Exercise prompt ::
Drop every image, then reproduce the data exactly as given.

Information supplied ::
##############################

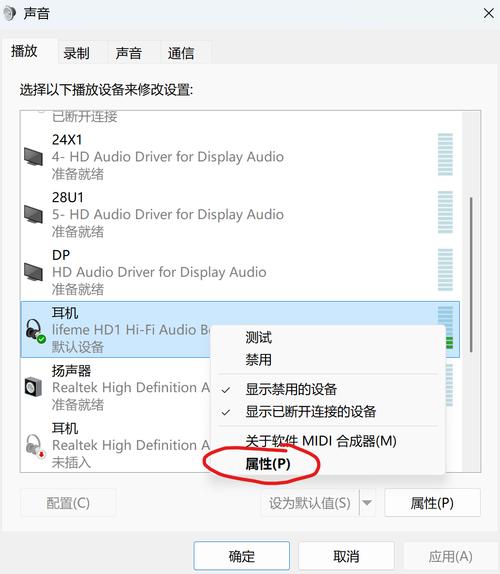 电脑耳机如何设置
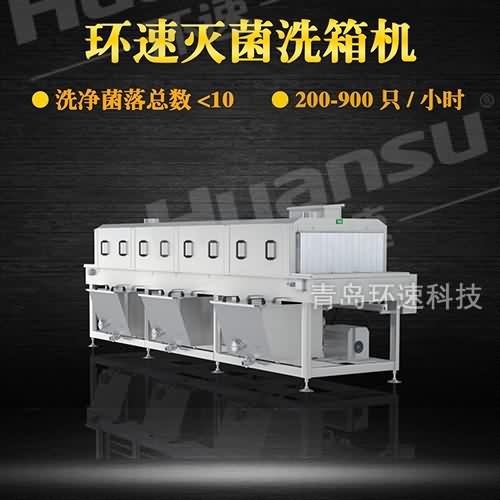 雞蛋筐塑料筐清洗機價格 設備清洗殺菌風干一次完成 雞蛋筐塑料筐清洗機價格 設備清洗殺菌風干一次完成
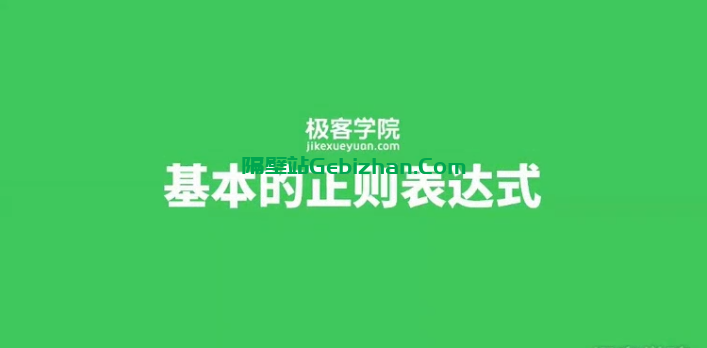【百度盘】【教程】Python定向爬虫入门-隔壁站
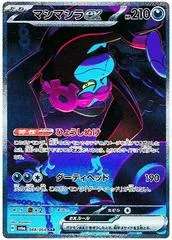 Munkidori ex #88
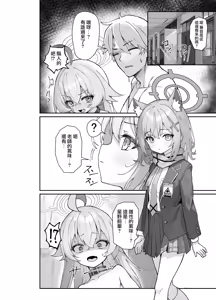 Page 22 of Kizuitara, Oji-san Igai Miinna Sensei to Sex Shiteta Ken | 關於回過神來 除了大叔以外大家都已經和老師纏綿過了這件事 - preview thumbnail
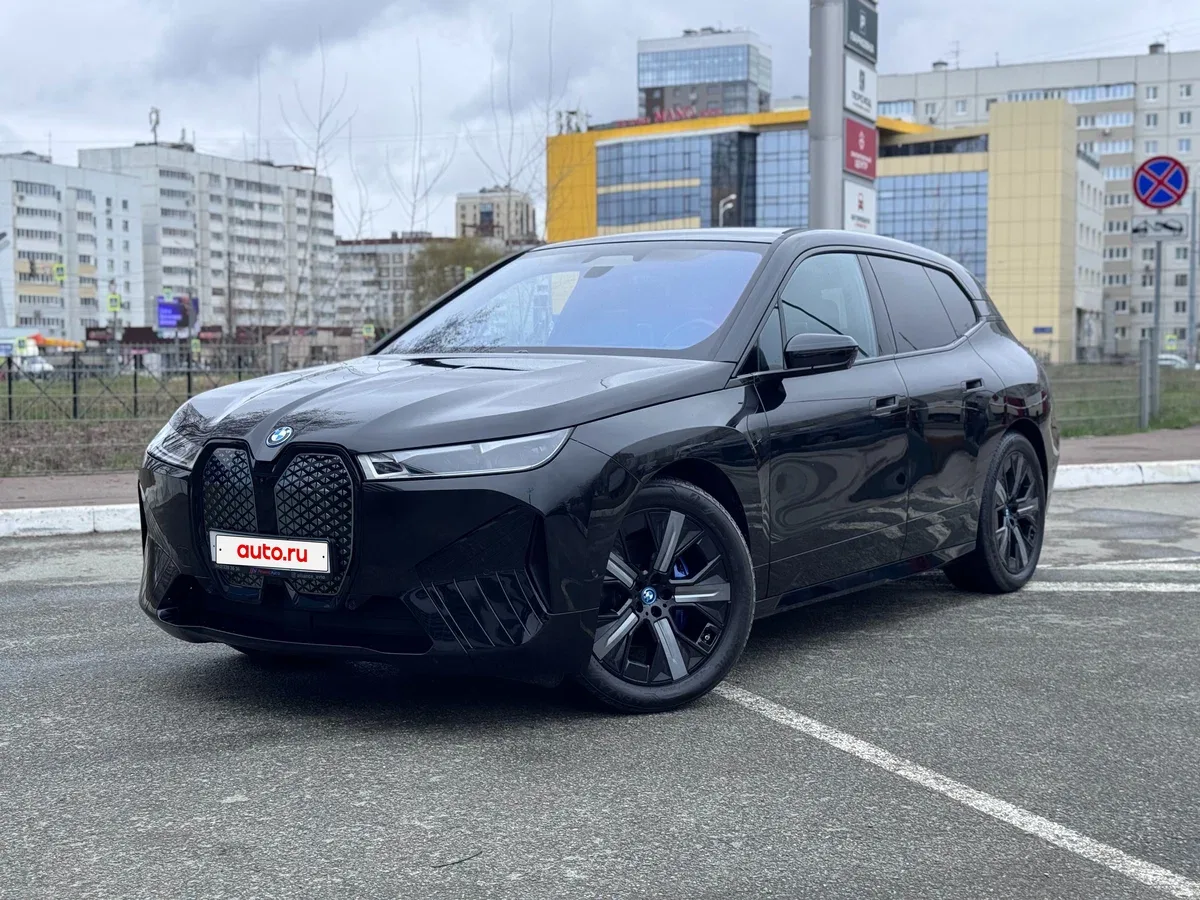BMW iX I (I20)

##############################

Result of the task ::
 电脑耳机如何设置
 雞蛋筐塑料筐清洗機價格 設備清洗殺菌風干一次完成 雞蛋筐塑料筐清洗機價格 設備清洗殺菌風干一次完成
【百度盘】【教程】Python定向爬虫入门-隔壁站
 Munkidori ex #88
 Page 22 of Kizuitara, Oji-san Igai Miinna Sensei to Sex Shiteta Ken | 關於回過神來 除了大叔以外大家都已經和老師纏綿過了這件事 - preview thumbnail
BMW iX I (I20)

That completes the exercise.